Not even gonna bite on this one.


----------



## Julia

linn said:


> Not even gonna bite on this one.


Goodness, why not? I'm certainly happy to hear your reasoning for putting lots of money into a cheese press.

Hey, all I'm saying is that if you want to put real money into cheesemaking, buy a pH meter, or maybe some lessons with an experienced cheesemaker. That will have an enormous impact on your success in cheesemaking. 

But the fact is that there are a lot of folks out there promoting the idea that having a fancy cheesepress will have a phenomenal effect on your cheesemaking, or even that it's *necessary*, and they're just after your money. None of it's true. Some of the best cheese in the world is pressed by nothing more than the weight of another mold stacked on top of another. 

You need to know what you're doing in cheesemaking, and buying an expensive toy won't do that for you. IMHO.


----------



## suzyhomemaker09

I have to side with Julia on this..even though I own one of those "pricey presses" from New England Cheese making. I have to say that I was so very disappointed after my purchase. The scale of pressure is so difficult to deal with less than a 1/4 inch to make a difference of 10 lbs or more of pressure...not even gaged to measure a small amount of pressure.


----------



## BlueHeronFarm

For me it was a matter of time and resource availability. I did not have either available to make a press that would meet state code in the event I want to sell a few of my hard cheeses some day. (the mold being the biggest concern - the actual press, less so.) If/when I do sell any, it will pay for the press in short order. 

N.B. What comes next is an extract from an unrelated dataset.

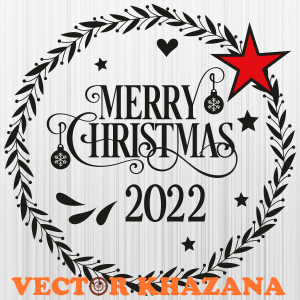 Merry Christmas 2022 Floral Wreath Svg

...but to each his own, you know.


----------



## linn

Too true Blue Heron.


Jillis said:


> Can anyone recommend a good cheese press?
> 
> --------------------------------------------------------------------------------
> 
> Or perhaps directions to construct my own?
> Thanks!


I believe that was the original question. I replied with my opinion. It was just that, my opinion. The person in question is free to make any choice they feel is a good one. I don't think this is a contest on who has the superior answer. In my opinion a real expert is one who doesn't feel the need to downplay another's opinion. I doubt if anyone here was born knowing how to make a good cheese. It is a process of experimenting with what works best for you. But then making a point without being offensive can be an art also, so I will quit before I get too offensive.


----------



## Mr. Dot

I used a homemade press that worked fine for me but recently treated myself to a Hoegger's press with stainless hoops. I'm quite pleased with it.


----------



## Julia

linn said:


> I don't think this is a contest on who has the superior answer. In my opinion a real expert is one who doesn't feel the need to downplay anyone's opinion.


Oh, you just don't like me. That's entirely OK---I probably wouldn't like you if I knew you. But that's not the point. The point is giving good information so people who want to can make cheese successfully. 

All the rest is piffle.


----------



## Liese

Julia said:


> As I mentioned before, I don't have mine permanently anchored to the wall. Instead of a bracket, I put a short ledger board to slip the horizontal member of the press under at one end. It holds everything together as long as the press is in use, but I can put it all away once I'm done.
> 
> And cutting a short piece of 2X4 is infinitely easier than fabricating that bracket thingy...


Julia, what are the dimensions of your ledger board - I'm trying to puzzle out how you are doing this without the bracket. I'm thinking that making the bracket from metal might not be too bad ... going to rummage around in the shed gotta be something out there that'll work!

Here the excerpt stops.